O Último Verão

O bispo Thormar enviou-me até a fazenda de Thorstein Olafsson, nos Westfjords, para fazer o apontamento. Em lá chegando, sob um céu azul e o sol de verão, avistei logo a esposa do mesmo, Sigrid Bjornsdottir, e dois de seus filhos, cuidando das ovelhas. A filha caçula, Arnkatla, que motivara a minha viagem, estava nos braços da mãe. Apeei do cavalo e os saudei.

- A Paz de Cristo esteja convosco!

- Amém! - Responderam a mãe e as duas crianças mais velhas.

- Eu sou o presbítero Bruni, de Bolungarvík - identifiquei-me. - Vim a mando do bispo Thormar.

- Nós o aguardávamos - acedeu Sigrid Bjornsdottir. - Meu marido está recolhendo o gado, mas logo estará aqui.

- Não será necessário, tenho apenas poucas perguntas a lhe fazer. Podemos começar?

- Claro.

Sentei-me num bloco de pedra, em meio às ovelhas que baliam. Sigrid Bjornsdottir assentou-se em outro, as crianças à sua esquerda e direita aninhadas contra seu corpo, o bebê nos braços. Puxei um pedaço de prancha de pinho do alforje e um estilete, e perguntei:

- Como vocês foram parar na Groenlândia?

- Nós não estávamos indo para lá... - explicou ela, embalando Arnkatla. - Vínhamos da Noruega para cá, quando uma tempestade nos tirou do curso. Thorstein achou que já que estávamos ali, e havia uma colônia viking, deveríamos ficar.
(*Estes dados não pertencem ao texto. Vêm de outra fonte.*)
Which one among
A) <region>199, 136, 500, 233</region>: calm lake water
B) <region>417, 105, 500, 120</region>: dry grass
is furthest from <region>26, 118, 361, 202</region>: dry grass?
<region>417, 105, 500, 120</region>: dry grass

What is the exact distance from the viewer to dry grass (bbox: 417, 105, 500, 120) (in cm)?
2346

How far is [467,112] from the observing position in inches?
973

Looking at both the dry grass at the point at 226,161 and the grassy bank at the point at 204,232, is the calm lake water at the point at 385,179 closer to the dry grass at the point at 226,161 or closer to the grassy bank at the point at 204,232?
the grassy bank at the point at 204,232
E foi o que fizemos.

Fiz um resumo da declaração em runas, no pedaço de madeira.

- E as crianças... nasceram lá?

- Otrygg, o mais velho, e a Gudbjorg. Arnkatla nasceu aqui, na Islândia.

Anotei os nomes.

- Agora, uma questão importante... quando e onde você e Thorstein se casaram?

Sigrid ajeitou a trança loura, antes de responder com segurança:

- Na igreja de Hvalsey, Groenlândia, em 16 de setembro de 1408.
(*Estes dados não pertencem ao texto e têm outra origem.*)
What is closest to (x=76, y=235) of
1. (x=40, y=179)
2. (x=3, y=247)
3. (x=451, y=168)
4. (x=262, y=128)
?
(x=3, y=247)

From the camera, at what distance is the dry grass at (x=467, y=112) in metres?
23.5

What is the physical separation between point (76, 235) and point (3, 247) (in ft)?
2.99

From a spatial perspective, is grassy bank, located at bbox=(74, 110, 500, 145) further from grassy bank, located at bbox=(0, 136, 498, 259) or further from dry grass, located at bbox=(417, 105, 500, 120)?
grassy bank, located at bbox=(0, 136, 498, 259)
- Antes das crianças mais velhas nascerem, suponho.

Sigrid encarou-me com ar ofendido.

- Claro que sim!

Terminei minhas anotações e guardei o pedaço de tábua e o estilo no alforje.
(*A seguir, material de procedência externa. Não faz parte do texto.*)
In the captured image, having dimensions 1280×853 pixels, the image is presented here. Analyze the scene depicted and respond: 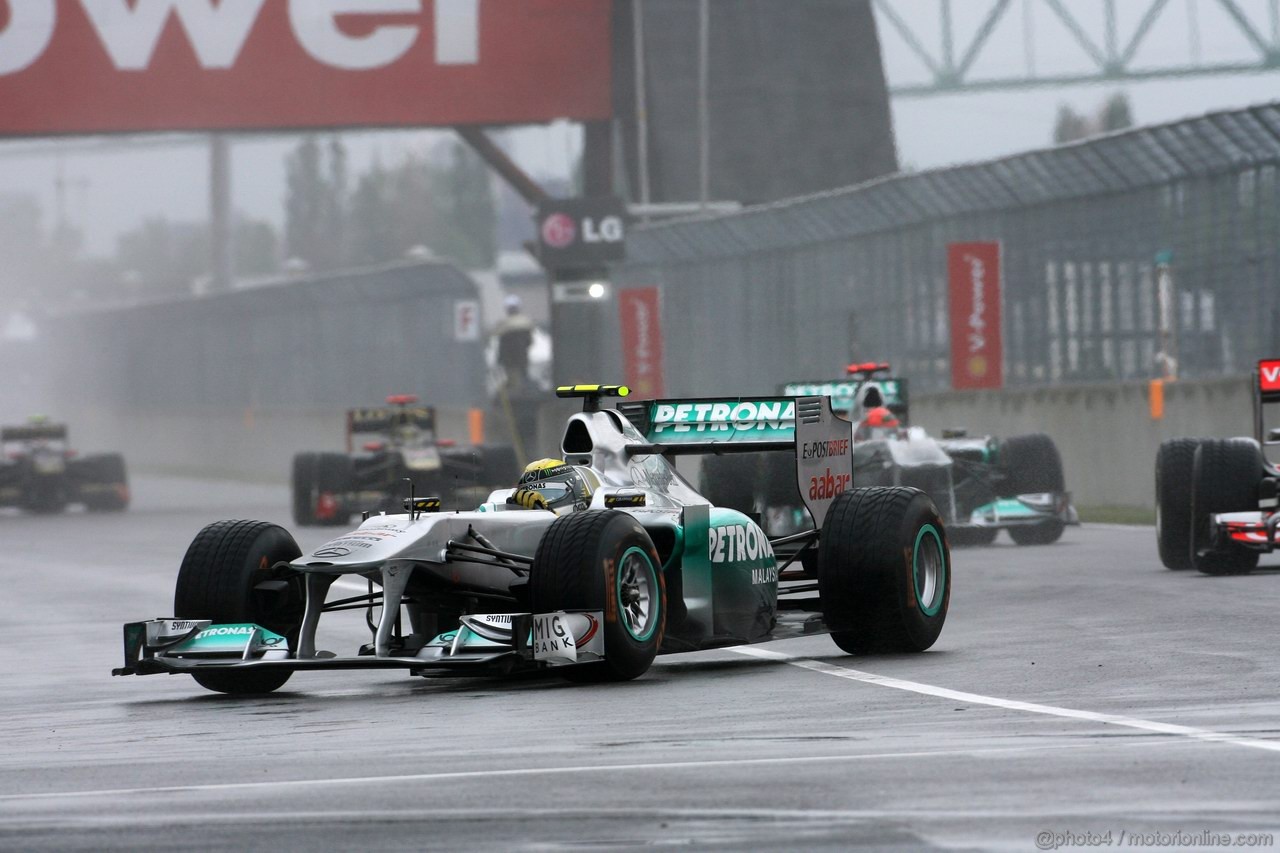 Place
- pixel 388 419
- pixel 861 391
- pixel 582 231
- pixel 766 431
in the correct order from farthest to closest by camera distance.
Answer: pixel 582 231, pixel 388 419, pixel 861 391, pixel 766 431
- Bom, creio que isso conclui a história. Mas agora, só por curiosidade pessoal: porque resolveram abandonar a Groenlândia?

Sigrid deu de ombros.

- Estava ficando difícil viver lá... nós somos fazendeiros, e o clima na Groenlândia está ficando pior a cada ano. Mesmo para criação de gado. Houve um verão em que choveu quase o tempo todo, e foi então que decidimos retomar nosso caminho para cá. Foi a melhor coisa que poderíamos ter feito.

- Então... a Groenlândia deixou de ser um bom lugar para se plantar? - Ponderei.

Sigrid acomodou Arnkatla nos braços antes de responder.

- Duvido que ali tenha sido um bom lugar para plantações algum dia. E nem era com isso que as pessoas que foram para lá estavam realmente preocupadas... marfim de morsas, esse era o verdadeiro interesse daqueles que povoaram a Groenlândia. Mas você não pode comer marfim, não é? Alguém tem que plantar comida... ou comprar em algum lugar.

- E o que acha que vai acontecer com aqueles que ficaram? - Indaguei.

Sigrid parou para pensar um momento.

- Se não estiverem dominados pelo espírito da ganância, sairão de lá antes que o clima piore ainda mais...

- Que a Virgem os ilumine - repliquei, fazendo o sinal da cruz. - Bem, creio que isso encerra a minha investigação. Eu vou escrever ao bispo, assegurando que você e seu marido tem o direito de batizar sua filha Arnkatla.

- Fico-lhe muito grata, presbítero - agradeceu Sigrid, sorridente, curvando a cabeça.

E, banhada, pelo sol de verão, com a bebê nos braços, ela me pareceu então uma espécie de madona viking, que acabara de tocar a terra.